Many wine drinkers are familiar with the concept of pairing wine with New American, Italian, and French dishes, but many dismiss pairing wine with food from other cultures. Thai cuisine follows similar wine pairing guidelines, but Thai flavors can bring about a different type of synergy. Upon your first Thai-wine pairing, you’ll quickly identify characteristics in both the wine and food that you may not have picked up on before.
Table of Contents
Quick Reference for Pairing Wine With Thai Food
- Spicy Dishes: Sweet wines like a Riesling or Gewurtz.

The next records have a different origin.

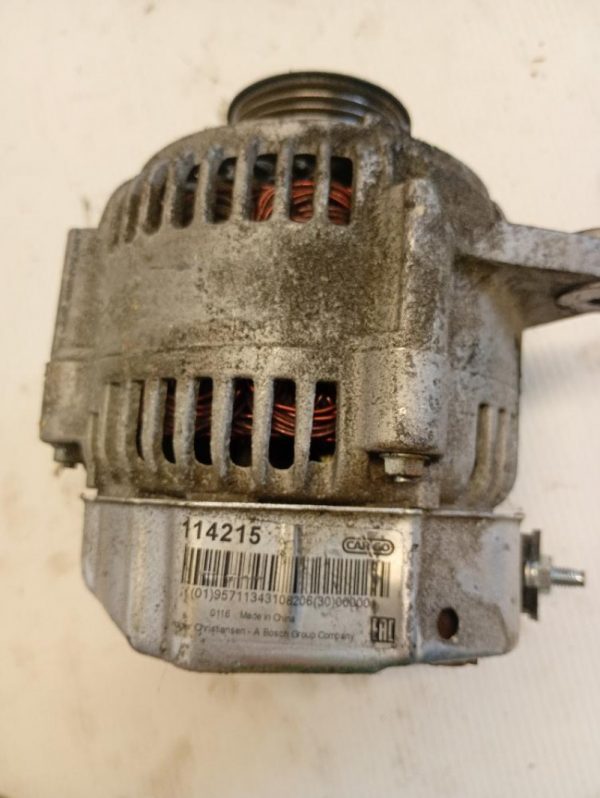 Alternatore Suzuki Swift 4×4 1.3 68 KW M13A 2004 – 2010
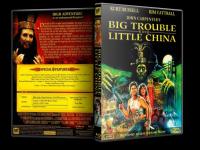 Big Trouble in Little China (1986) DVDRip XviD PSF-17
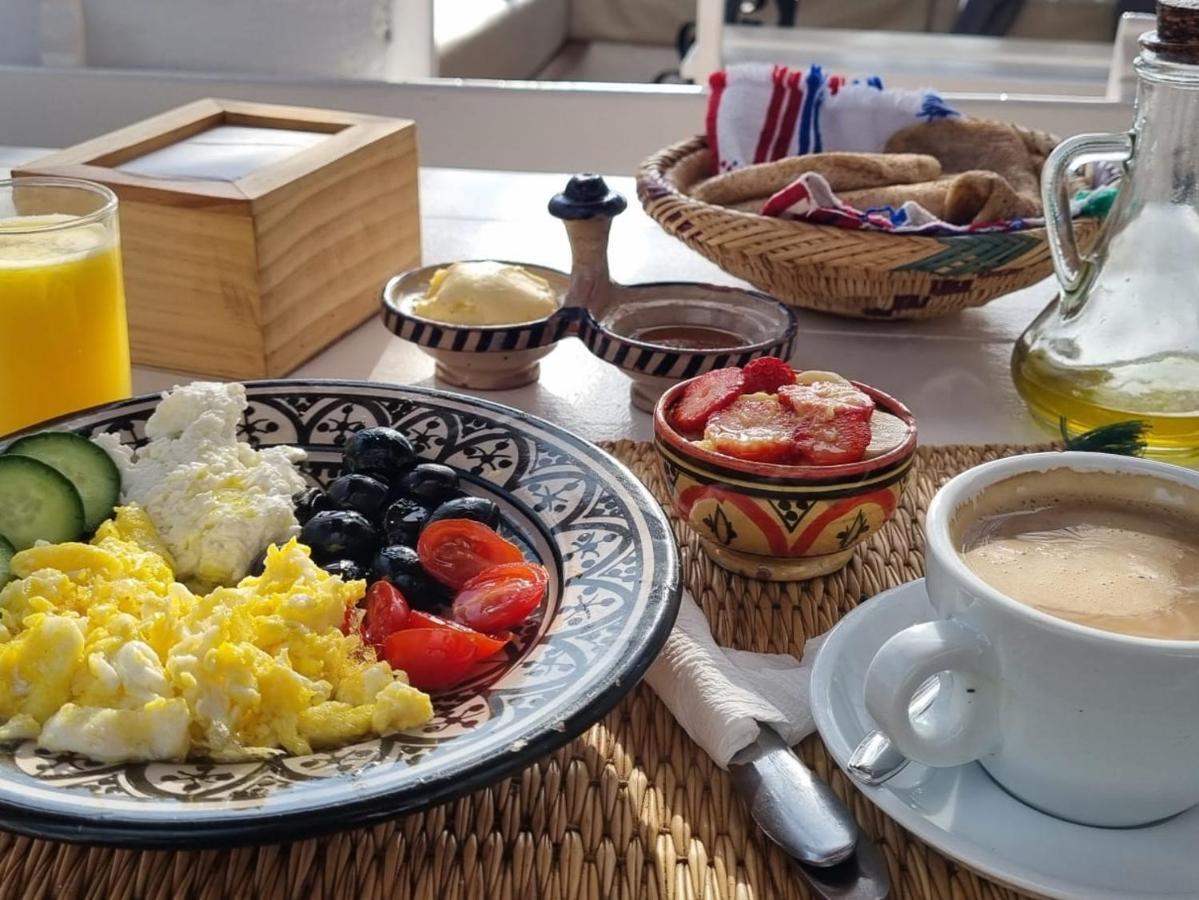 Riad Dari Tétouan 외부 사진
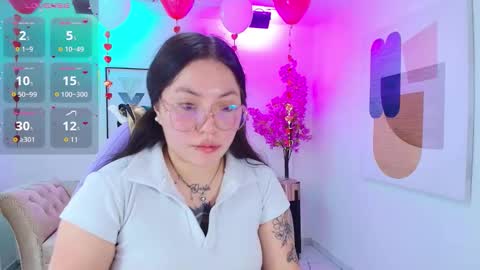 ISA online show from February 9, 7:49 pm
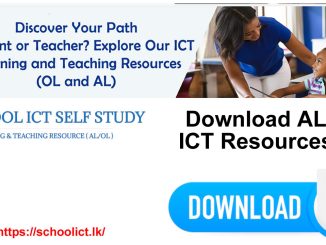 Download AL ICT Resources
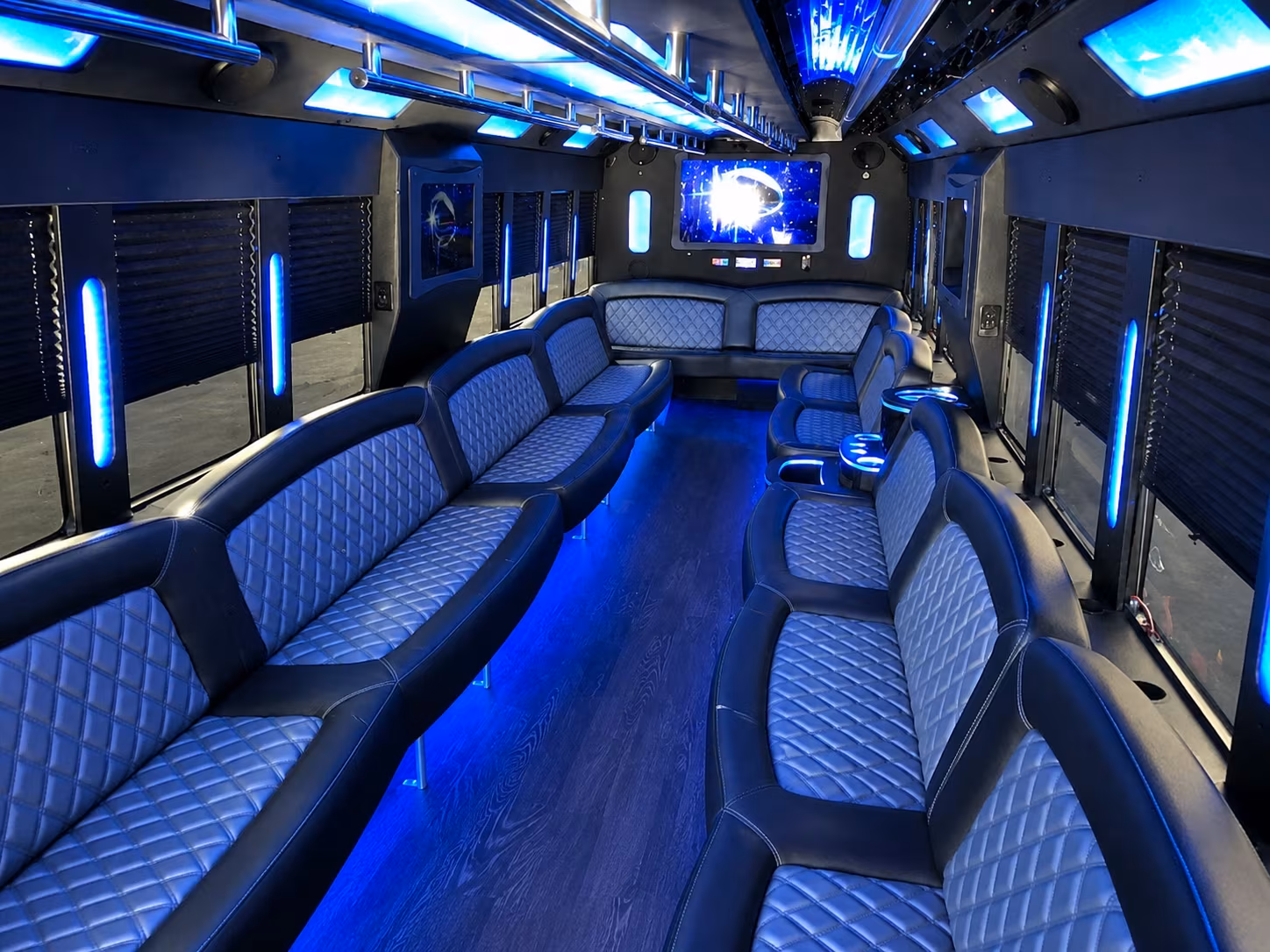 encinitas party bus rental gallery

- Sour Dishes: Medium to high acidity wines.
- Fatty Dishes: Sparkling wines like Champagne.
- Creamy Dishes: Oaky wines.
- Seafood Dishes: Pair with acidic or sparkling wines.

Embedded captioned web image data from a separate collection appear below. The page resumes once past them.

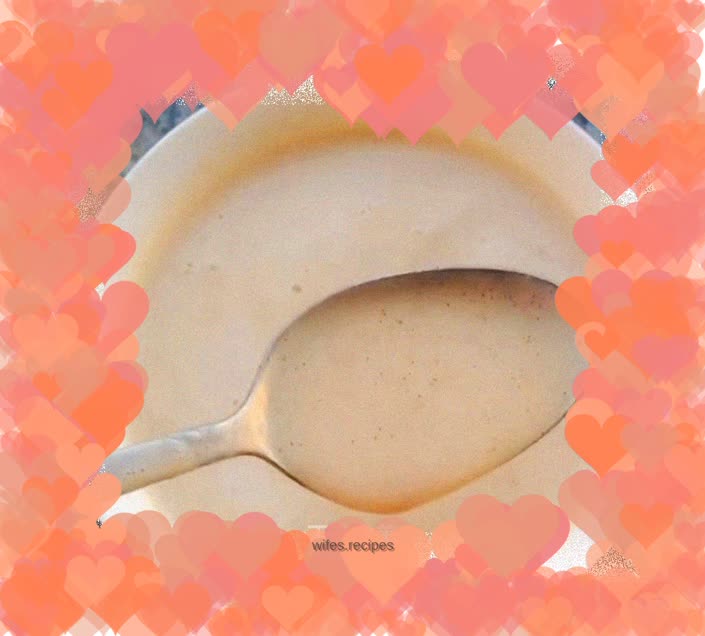 Red dates, soybeans and soy milk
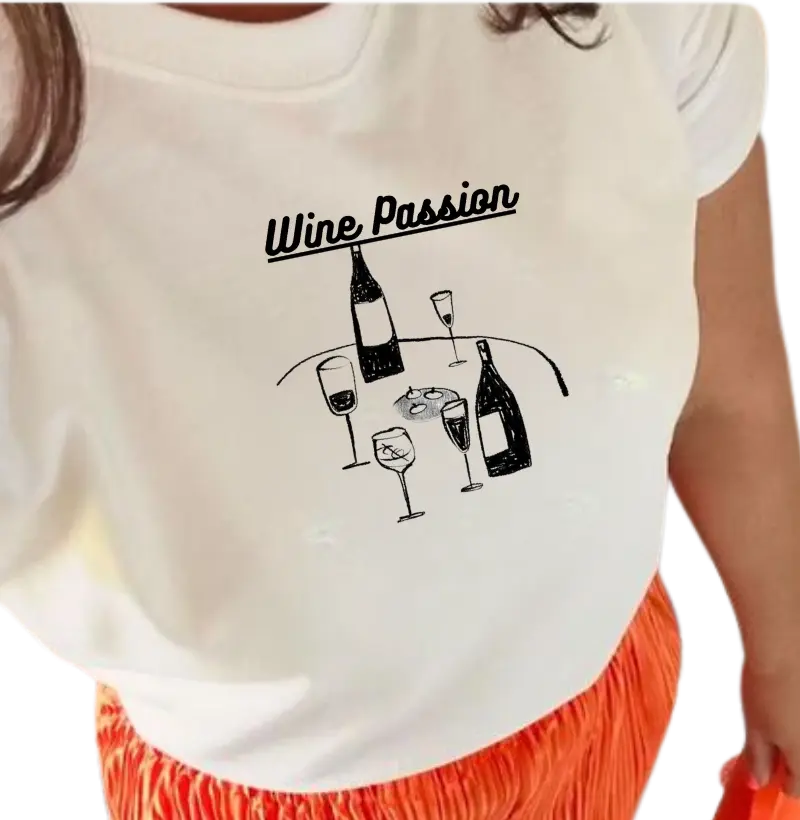 WINE PASSION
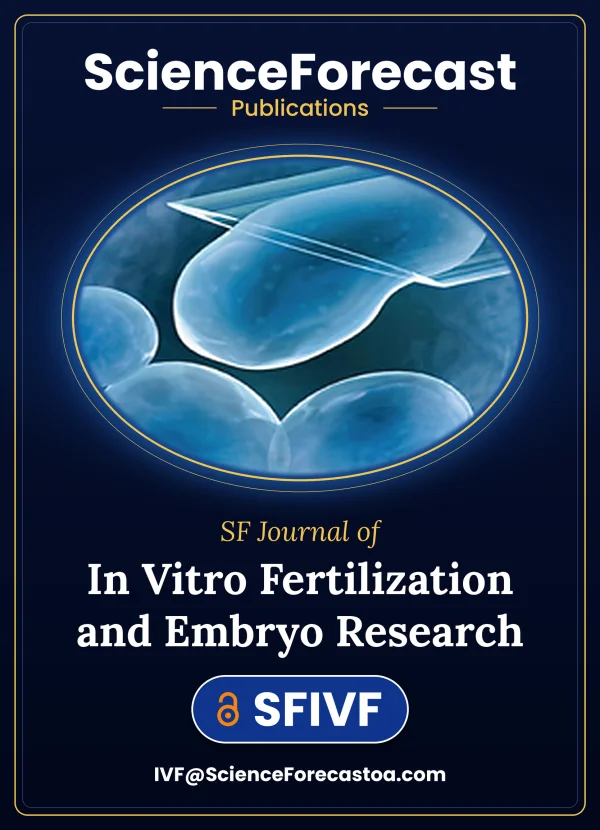 SF Journal of In Vitro Fertilization and Embryo Research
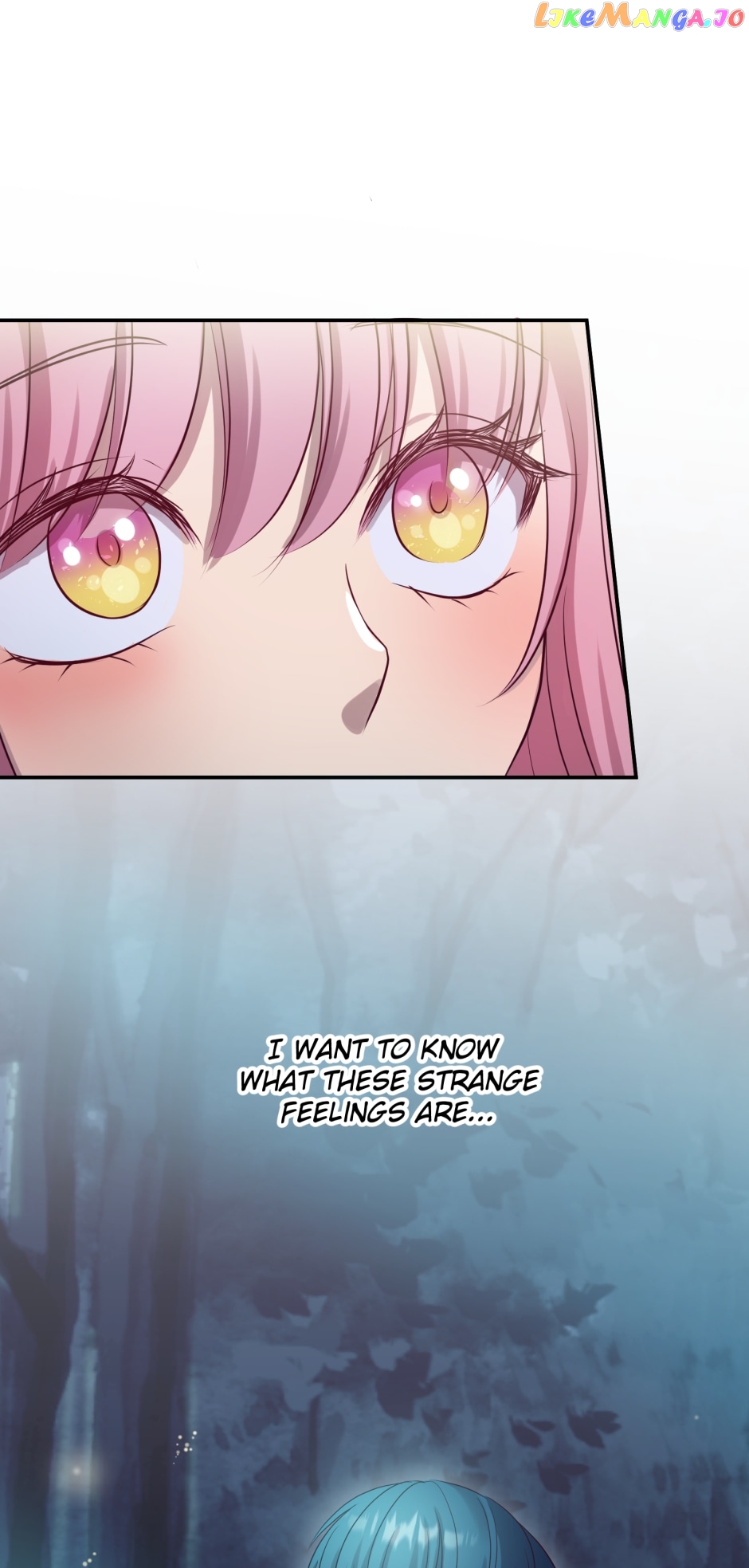 The Princess and The Demon Chapter 34 - page 32
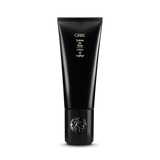 Oribe Crème for Style for soft hold and polish — 5 oz regular size.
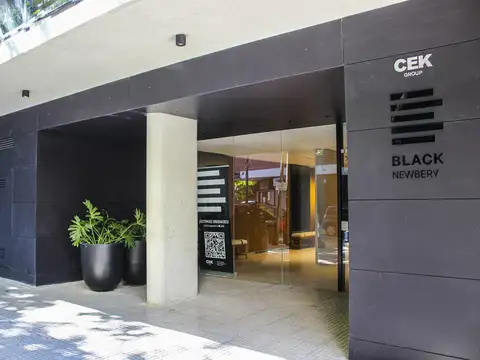 Monoambiente en Las Cañitas, a estrenar full amenities, categoría premium.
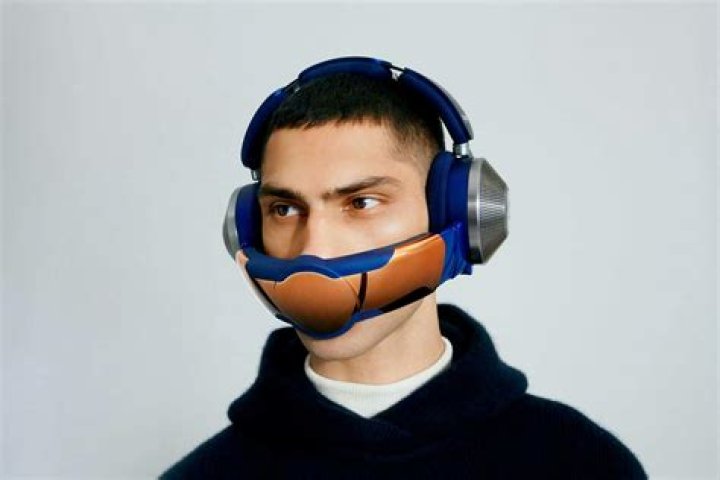 James Dyson Prallen Karotte mask calculator 18 Wertlos Luxation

- Sweet Desserts: Very sweet (dessert) wine like port or fortified wine.
Bubbles: Pair with fish, lemon, oily
Sweet (Gewurtz/ Rielsing): Pair with spicy foods
Rose: Pair with white meat/duck
Pinot Noir: Pair with Mushrooms/savory/earthy/beef broth/cilantro
Gruner Velt: Pair with fried foods, not spicy
The spicier the dish is, the sweeter the wine should be because the spice brings fruity notes in to the forefront and balances out the spice. A Riesling Kabinett or the Gewürztraminer would be a good choice on balancing spice.
For Thai dishes featuring greasy or fatty meat like fried chicken, chose a sparkling wine. The bubbles cut through the richness of fatty meat.
Oaky chardonnays work well with creamy dishes using coconut milk/fat because the buttery and fruity notes complement the subtle sweetness of the coconut.
One Vietnamese restaurant dined at makes an exceptional bun salad with shrimp in a light citrus dressing. This dish pairs wonderfully with a wine with more sour notes, like a sauvignon blanc.
Red wines which are a lot more tannic, such as the tongue-drying nature of the Sangioveses, Cabs and Malbecs, will accentuate the heat of chilies and perhaps numb the tongue to the more delicate spices of Thai food. While some people enjoy that sensation that can come with a big, heavy red when paired with a very spicy (hot) flavor, it can be overwhelming.
Fruit-forward light pinots are generally better but it depends on personal preference.
Sour flavors are used extensively in Thai salads, soups, dips, and some drinks. Sour notes come from tamarind (makham) both fresh immature fruit (which is light green and very sour), leaves and paste(made from mature brown pulps), lime juice (nam ma nau), Fragrant Kaffir lime leaves, Lemongrass and white vinegar.